Write out the following listing's lines from the one with "Charming two-story home" to the one with "Living area featuring", exactly, with both included and no others.

- _RECORDS PROVIDED_
-=-=-=-=-

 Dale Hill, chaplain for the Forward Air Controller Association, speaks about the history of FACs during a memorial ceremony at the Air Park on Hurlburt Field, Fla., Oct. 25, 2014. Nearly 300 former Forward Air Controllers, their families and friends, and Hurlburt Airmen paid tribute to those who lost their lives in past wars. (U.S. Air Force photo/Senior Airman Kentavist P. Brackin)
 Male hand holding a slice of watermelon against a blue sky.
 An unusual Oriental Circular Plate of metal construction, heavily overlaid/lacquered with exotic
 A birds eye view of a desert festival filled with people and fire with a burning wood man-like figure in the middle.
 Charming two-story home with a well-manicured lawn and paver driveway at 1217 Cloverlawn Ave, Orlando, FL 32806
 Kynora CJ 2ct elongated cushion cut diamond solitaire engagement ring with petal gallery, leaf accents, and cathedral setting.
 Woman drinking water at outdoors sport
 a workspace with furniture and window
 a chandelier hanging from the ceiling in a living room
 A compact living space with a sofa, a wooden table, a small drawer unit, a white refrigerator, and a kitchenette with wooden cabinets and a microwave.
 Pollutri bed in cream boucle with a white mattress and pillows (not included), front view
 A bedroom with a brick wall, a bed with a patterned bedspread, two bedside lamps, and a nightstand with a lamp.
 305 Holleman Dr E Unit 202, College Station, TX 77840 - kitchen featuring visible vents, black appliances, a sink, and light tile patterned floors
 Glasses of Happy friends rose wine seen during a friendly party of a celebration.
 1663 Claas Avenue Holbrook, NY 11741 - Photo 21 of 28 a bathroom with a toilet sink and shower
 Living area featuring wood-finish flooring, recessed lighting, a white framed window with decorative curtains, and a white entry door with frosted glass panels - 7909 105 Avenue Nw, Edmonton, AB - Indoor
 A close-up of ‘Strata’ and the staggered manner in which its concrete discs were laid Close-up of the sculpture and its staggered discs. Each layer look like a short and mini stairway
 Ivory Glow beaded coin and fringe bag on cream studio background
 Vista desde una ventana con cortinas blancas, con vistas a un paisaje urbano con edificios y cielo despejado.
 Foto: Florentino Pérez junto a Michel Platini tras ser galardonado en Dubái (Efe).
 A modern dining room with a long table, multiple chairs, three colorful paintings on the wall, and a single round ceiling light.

-=-=-=-=-

- _SOLUTION TO THIS PROBLEM_
 Charming two-story home with a well-manicured lawn and paver driveway at 1217 Cloverlawn Ave, Orlando, FL 32806
 Kynora CJ 2ct elongated cushion cut diamond solitaire engagement ring with petal gallery, leaf accents, and cathedral setting.
 Woman drinking water at outdoors sport
 a workspace with furniture and window
 a chandelier hanging from the ceiling in a living room
 A compact living space with a sofa, a wooden table, a small drawer unit, a white refrigerator, and a kitchenette with wooden cabinets and a microwave.
 Pollutri bed in cream boucle with a white mattress and pillows (not included), front view
 A bedroom with a brick wall, a bed with a patterned bedspread, two bedside lamps, and a nightstand with a lamp.
 305 Holleman Dr E Unit 202, College Station, TX 77840 - kitchen featuring visible vents, black appliances, a sink, and light tile patterned floors
 Glasses of Happy friends rose wine seen during a friendly party of a celebration.
 1663 Claas Avenue Holbrook, NY 11741 - Photo 21 of 28 a bathroom with a toilet sink and shower
 Living area featuring wood-finish flooring, recessed lighting, a white framed window with decorative curtains, and a white entry door with frosted glass panels - 7909 105 Avenue Nw, Edmonton, AB - Indoor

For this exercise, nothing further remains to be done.